AI/ML

Setting Up Infrastructure for SageMaker Training

This article outlines the process of automating the setup of infrastructure for Amazon SageMaker training workflows using Terraform. It highlights the key components, including S3 buckets for data storage, IAM roles for secure access, VPCs for network security, and VPC endpoints for private communication. By leveraging Infrastructure as Code (IaC) with Terraform, the solution ensures consistent, scalable, and secure deployments for machine learning model training in SageMaker.

Todd Bernson

2024-12-09

Objective

This article explains how to set up the infrastructure required for SageMaker training, focusing on provisioning AWS resources using Terraform. We'll cover setting up S3 buckets, IAM roles, VPCs, and VPC endpoints to ensure secure and efficient training workflows.
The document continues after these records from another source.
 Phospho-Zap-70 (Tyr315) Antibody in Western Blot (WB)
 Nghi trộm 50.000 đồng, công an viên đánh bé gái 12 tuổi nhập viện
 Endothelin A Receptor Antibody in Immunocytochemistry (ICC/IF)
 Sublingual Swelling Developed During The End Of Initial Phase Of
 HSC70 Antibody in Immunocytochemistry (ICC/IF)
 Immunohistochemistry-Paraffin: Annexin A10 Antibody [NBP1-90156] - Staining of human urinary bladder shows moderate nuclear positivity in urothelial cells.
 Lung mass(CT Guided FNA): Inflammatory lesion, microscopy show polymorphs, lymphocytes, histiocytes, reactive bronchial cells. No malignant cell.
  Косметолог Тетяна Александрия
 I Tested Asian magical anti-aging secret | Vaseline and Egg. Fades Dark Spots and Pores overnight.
Introduction to SageMaker Training Workflows

Amazon SageMaker provides an end-to-end machine learning platform that simplifies the process of building, training, and deploying ML models. SageMaker training workflows involve:

Data Storage: Input data stored in S3 buckets.
Compute Resources: Provisioned securely within a VPC for training and inference.
Model Artifacts: Saved back to S3 for further use or deployment.
Endpoints: Securely deployed for real-time or batch inference.

Setting up the correct infrastructure is critical for scalability, security, and efficiency.
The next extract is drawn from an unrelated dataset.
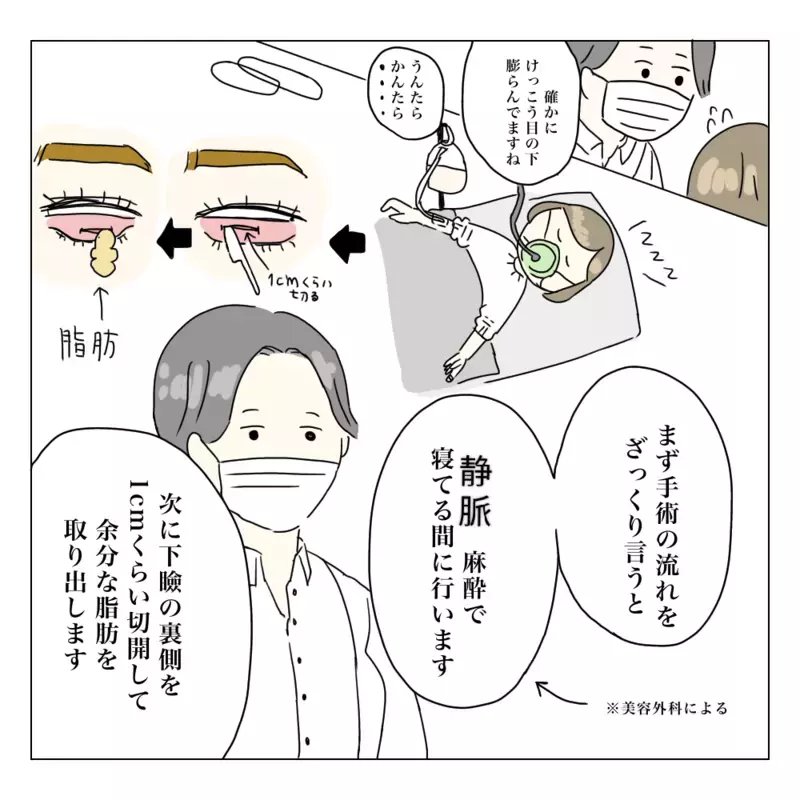 費用は？ 術後の腫れは？ 家族にも嘘をついたからもう後戻りできない！　【夫に内緒で整形した話 Vol.3】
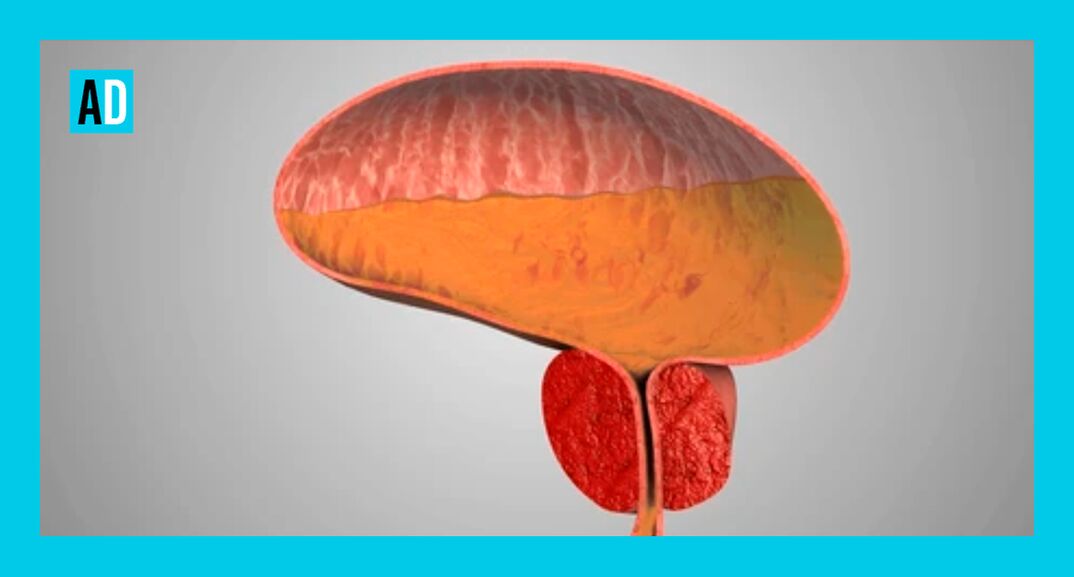 Ontstoken prostaatklier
Terraform Configuration for SageMaker Infrastructure

1. S3 Buckets for Raw Data, Processed Data, and Model Artifacts

S3 buckets are essential for storing:

Raw data: Used for preprocessing.
Processed data: Cleaned and split data ready for training.
Model artifacts: Output of the training job.

Example Terraform Code:

module "sagemaker_s3_bucket" {
  source  = "terraform-aws-modules/s3-bucket/aws"
  version = "~> 4.2.1"

  bucket = "${local.environment}-sagemaker-${random_string.this.result}"

  attach_public_policy = true
  attach_policy        = true
  policy               = data.aws_iam_policy_document.sagemaker.json

  block_public_acls       = false
  block_public_policy     = false
  ignore_public_acls      = false
  restrict_public_buckets = false

  control_object_ownership = true
  object_ownership         = "ObjectWriter"

  expected_bucket_owner = data.aws_caller_identity.current.account_id

  server_side_encryption_configuration = {
    rule = {
      apply_server_side_encryption_by_default = {
        sse_algorithm = "AES256"
      }
    }
  }

  tags = var.tags
}

resource "aws_s3_object" "sagemaker" {
  bucket = module.sagemaker_s3_bucket.s3_bucket_id
  key    = "${local.sagemaker_folders[0]}${local.csv_file_name}"
  source = local.csv_source

  depends_on = [aws_s3_object.sagemaker_folders]
}

resource "aws_s3_object" "sagemaker_folders" {
  for_each = toset(local.sagemaker_folders)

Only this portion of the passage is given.